Par Jean-Jacques Kourliandsky, chercheur à l’Institut de relations internationales et stratégiques (IRIS), directeur de l’Observatoire de l’Amérique latine (Fondation Jean Jaurès).
Le Vénézuéla a occupé une place majeure, dans les agendas prioritaires de la « Communauté internationale » et les manchettes de la « grande » presse, pendant quelques mois. Au même titre que l’Afghanistan, la Syrie, le Yémen, il a figuré dans la liste réduite des crises affectant — ou de nature à perturber — la paix et les équilibres internationaux et régionaux. Mais ce n’est plus le cas aujourd’hui, alors que l’Afghanistan, la Syrie, le Yémen, ont gardé cette position, rejoints par le Chili, l’Équateur et l’Irak. Quel est donc le sens de cet effacement ? Et quel était par voie de conséquence celui de la présence du Vénézuéla dans le panier des pays à haut risque, il y a encore quelques mois ?

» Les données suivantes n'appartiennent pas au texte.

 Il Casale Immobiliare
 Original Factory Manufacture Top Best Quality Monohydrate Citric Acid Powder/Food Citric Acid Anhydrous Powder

Une mobilisation diplomatique de crise
La Communauté internationale s’est en effet saisie de façon régulière et pressante de la « question » vénézuélienne : G7, OEA, (Organisation des États américains), ONU, UE, (Union européenne), ont eu à un moment ou à un autre, pendant des mois, la question vénézuélienne à leur ordre du jour. Elle a pu, comme toutes les crises majeures, générer des instruments diplomatiques particuliers : • Donald Trump, peu de temps après son entrée en fonction, a nommé un ambassadeur spécial chargé du Vénézuéla, Elliott Abrams.

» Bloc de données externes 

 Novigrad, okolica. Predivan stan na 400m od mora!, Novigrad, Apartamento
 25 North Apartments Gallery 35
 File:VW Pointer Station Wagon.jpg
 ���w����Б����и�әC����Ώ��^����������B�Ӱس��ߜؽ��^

• Le Groupe de Lima, rassemblant initialement onze pays latino-américains (1) et le Canada, a été spécialement mis en place le 8 août 2017 pour traiter de cette crise et définir une stratégie de pressions et sanctions afin de forcer le président Nicolas Maduro à quitter le pouvoir.

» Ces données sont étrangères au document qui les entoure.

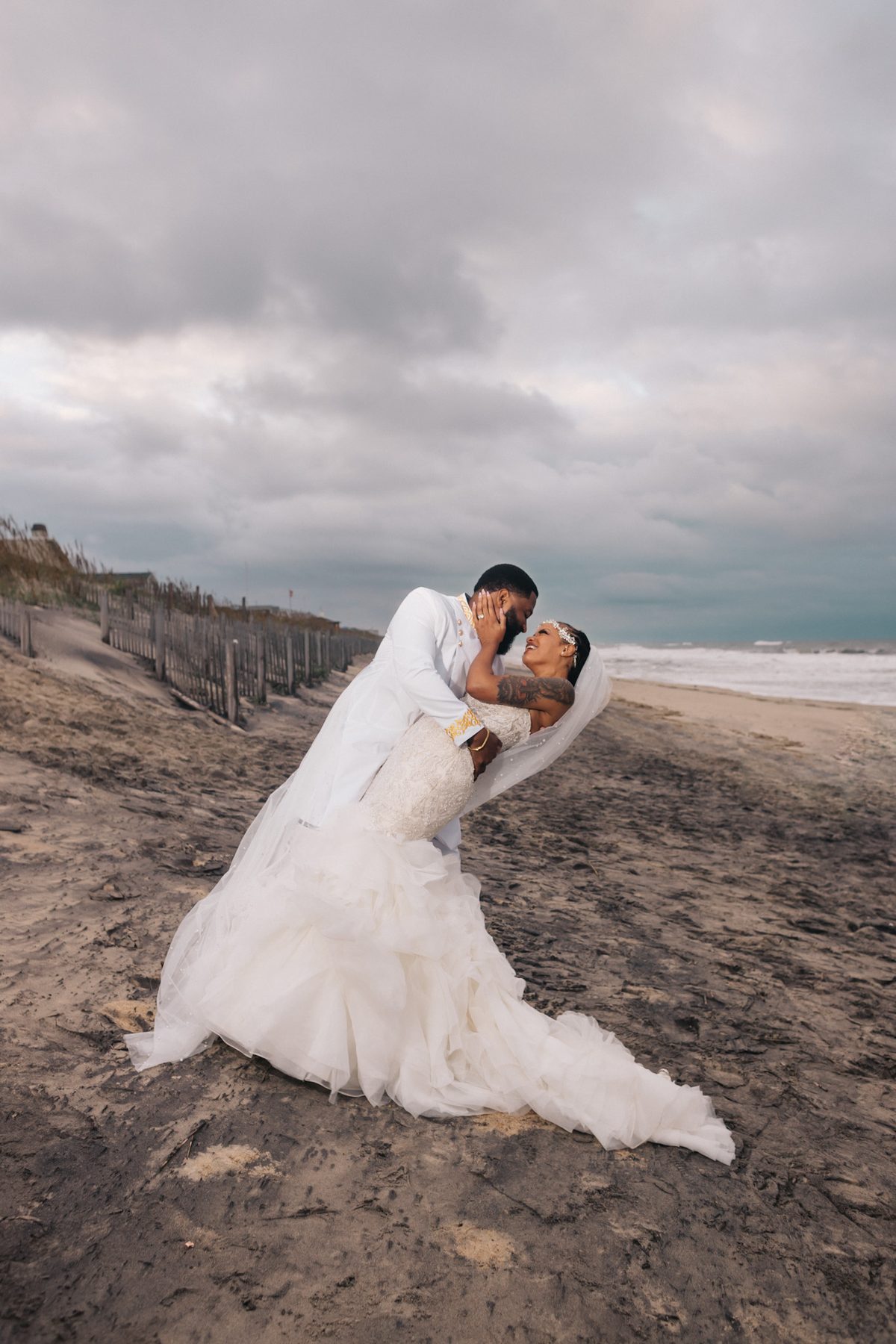 Wedding photograph 57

• Deux réunions consacrées au Vénézuéla se sont spécialement tenues à Montevideo, capitale de l’Uruguay, les 7 et 8 février 2019.
• Un Groupe de contact international a été mis en place avec la Bolivie, le Costa-Rica, l’Équateur, l’Uruguay, le Panama (depuis juillet), l’Allemagne, l’Espagne, la France, l’Italie, les Pays-Bas, le Portugal, le Royaume-Uni, la Suède et l’Union européenne, pour créer les conditions d’une alternance à Caracas.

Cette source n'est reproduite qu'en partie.